- O Estado de S. Paulo
Nos idos do governo Lula já atingido por escândalos de corrupção, mas ainda bem avaliado pela população, o ex-presidente Fernando Henrique fez a seguinte constatação a um grupo que lhe perguntava a razão da passividade popular diante dos desmandos: “Determinadas mudanças na História ocorrem quando, de algum lugar, surge um curto-circuito e as coisas começam a explodir onde antes reinava a calmaria”.
À ocorrência desse colapso, cujo marco localiza-se nas manifestações de junho de 2013, a maioria da classe política resiste. Uma minoria já compreendeu o que se passa. E é por isso que até agora não foi possível a Câmara incluir na Constituição anistia ao crime do uso de caixa 2 e correlatos. Corrupção e lavagem de dinheiro.
Quem já entendeu do que se trata, protesta. A reação da Rede e do PSOL pôs o assunto em patamar de constrangimento. Institucionalmente poderoso, o presidente da Câmara, Rodrigo Maia, diz que as divergências decorrem da falta de informação. Segundo ele, existe uma “falsa polêmica” pelo fato de que os deputados não podem anistiar “crime inexistente”.
No intuito de mostrar que seus pares estão em consonância com o espírito da proposta apresentada pelo Ministério Público, com o respaldo de dois milhões de assinaturas, argumenta: “Seria mais fácil não votar a proposta do MP, pois tudo continuaria como estava”.
Sofisma. Fosse assim, bastaria preservar o texto original. Agravar as penalidades do crime de caixa 2, sem incluir de maneira explícita que os infratores anteriores deveriam ser excluídos da regra posterior. Qualquer juiz lhes daria ganho de causa. A questão é que a ideia de suas excelências tem outro alcance: impedir punições por atos correlatos ao uso de dinheiro ilegal em campanhas eleitorais. Vale dizer, corrupção e lavagem de dinheiro.
É isso que todo mundo entendeu, ao contrário do que ele diz quando alega que a sociedade reage à medida porque está sendo mal informada. Foi-se o tempo em que qualquer justificativa aparentemente lógica servia como versão destinada a dar episódios como encerrados. O desdobramento do caso de Geddel Vieira Lima é típico.
Estava encaminhado para deixar tudo nas mãos da Comissão de Ética Pública, cujo poder de decisão é nenhum. Até que, espertamente, Marcelo Calero foi à Polícia Federal, depôs incluindo os nomes do ministro Eliseu Padilha e do presidente Michel Temer na trama, e a história mudou de patamar.
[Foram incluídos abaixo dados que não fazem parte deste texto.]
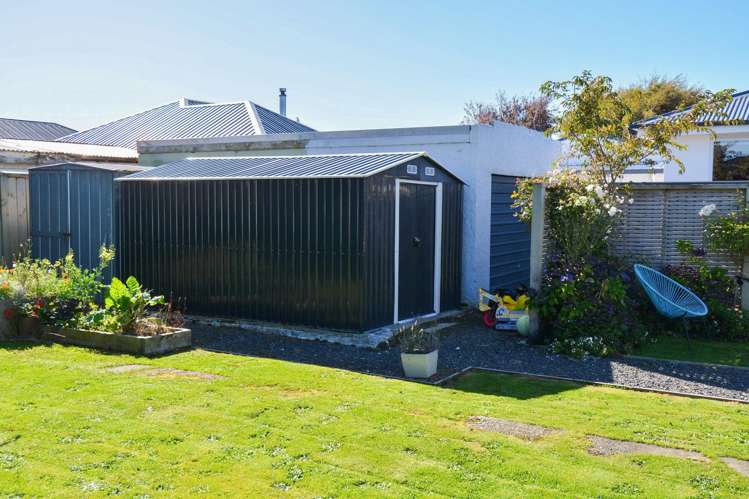 330 St Andrew Street Glengarry_21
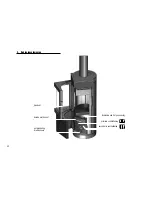 Предварительный просмотр 42 страницы HASE Kano Instructions For Use Manual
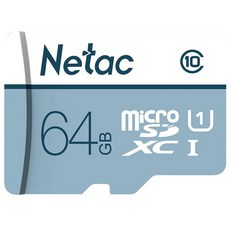 d535f64cb213ad37ddb71ea1156a2e97691f7bb81bc6c45911a2fbc0566e.jpg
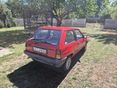 OPEL CORSA A 1988/1 - 4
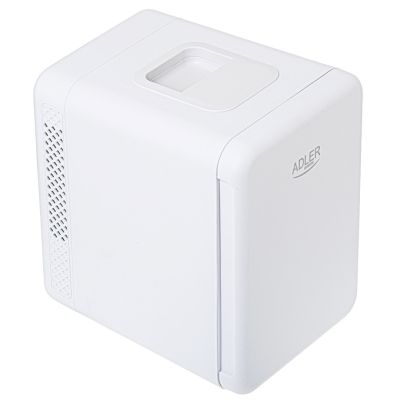 2. ADLER AD 8084w Minikühlschrank weiß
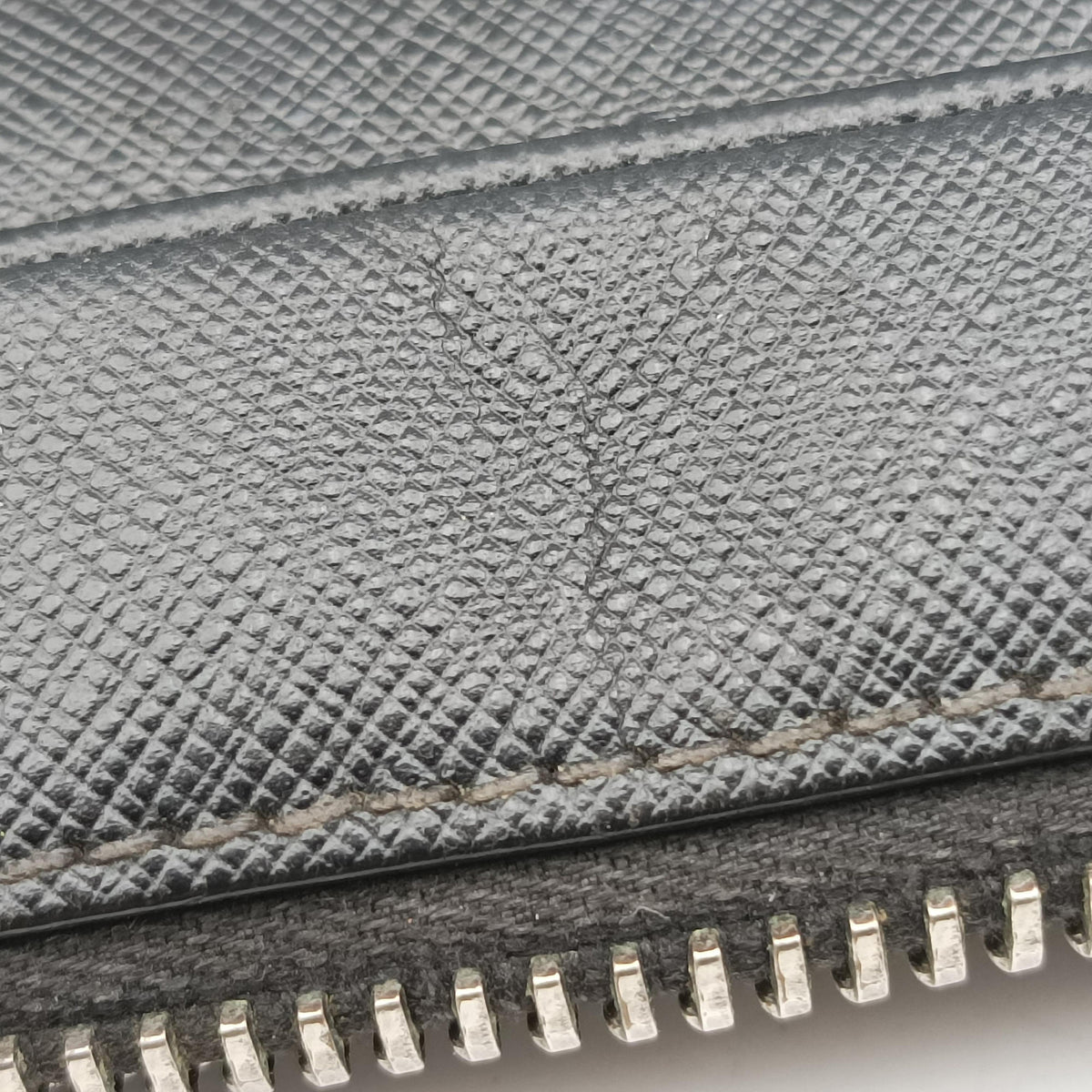 business bag briefcase Black SAFFIANO Leather 2VE363 173 31/Sビジネスバッグ ブリーフケース ブラック サフィアーノレザー 2VE363 173 31/S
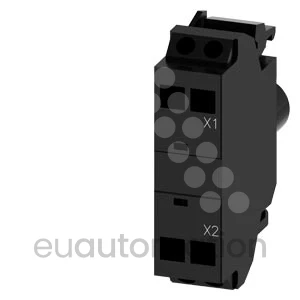 Part image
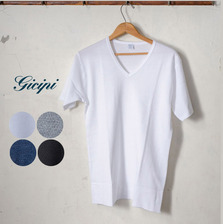 GICIPI 1402 COLLO a V画像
Temer viu-se obrigado a dar mais explicações e, aí, caiu de vez na armadilha montada por seu ex-ministro da Cultura. No lugar de encerrar a questão advertindo o então secretário-geral da Presidência de que incorria em tráfico de influência ao pedir ao colega que interferisse na decisão de uma instância pública em favor de um interesse particular, Temer tentou contemporizar.
Saiu do trilho quando sugeriu que os ministros se “entendessem” e que o caso fosse entregue ao arbítrio da Advocacia-Geral da União, quando já estava nas jurisdições competentes: o Patrimônio Histórico, que vetara a construção de um edifício onde Geddel comprara um apartamento, e a Justiça, que decidiria sobre o embargo da obra próxima à área tombada em Salvador.
Gravidade relativa diante de corrupção escancarada que sustentou de modo implícito o impeachment de Dilma Rousseff, ocorrido de maneira explícita por crime de responsabilidade na condução da economia? Sim, mas em decorrência do curto-circuito que levou ao despertar ético da sociedade, igualmente insustentável.
Um País que reelegeu Lula a despeito dos fatos revelados no escândalo do mensalão, deu a ele o aval de eleger e reeleger uma inepta, dava a impressão de tolerância (para não dizer ignorância) eterna. O bom senso prevaleceu e a paciência se esgotou.